Tech-savvy school leavers will be attracted to seafaring careers with the introduction of more sophisticated technology onboard, delegates heard at the International Maritime Employers’ Council's (IMEC) 2019 conference in Southampton.
IMEC's conference on Human Element in Marine Automation examined the future of onboard operations, addressing issues from regulation and accident investigation, to technological business models and the role of seafaring over the next 30 years.
It analysed how the role of tomorrow’s seafarer will undoubtedly change.
As more sophisticated technology is implemented onboard, maritime training will have to keep evolving to ensure tomorrow’s officers will not only be able to use the technology - but be able to make good decisions if it fails.
While unmanned vessels were being tested in British waters, the complexity of designing and operating a fully unmanned deep-sea vessel was vast and would require human interaction for a long time yet, albeit of a different nature to what we are used to, delegates heard.

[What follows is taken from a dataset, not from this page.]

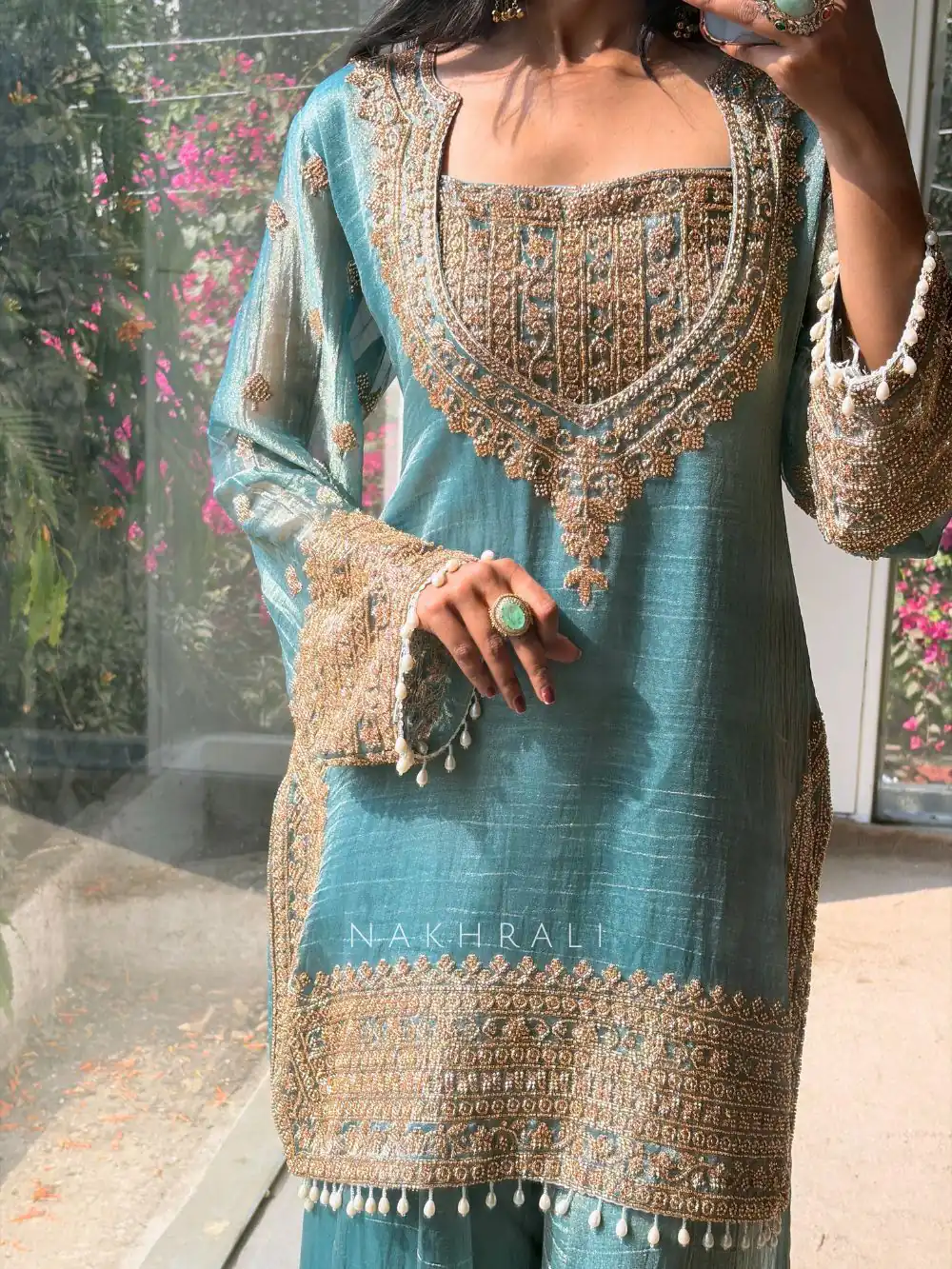 SR 1705 Firozi Fendy Silk Salwar Suit Perfect for Wedding, Party, Cultural Events, Sangeet, Housewarming – . Grab it for ₹2449. Delivery 4-6 Working Da | Jump Suits, Salwar suit, Designer Suits, Casual Suits, Creative suits, Palazzo Suits, Party Wear Suits, Patiala Suits, Straight Suits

The conference finished with a panel of cadets from the UK and Ukraine representing the professionals who will lead the change over the next three decades.
The underlying message of the event was that seafarers should not be worried about their future careers.
IMEC represents ship owners and managers from around the world. Members come from labour supplying countries.
IMEC is part of the negotiation of international wage rates, as well as those applying to national flag, through the International Bargaining Forum (IBF), which brings together the International Transport Workers Federation (ITF), the International Mariners Management Association of Japan (IMMAJ) and the Korean Shipowners’ Association (KSA).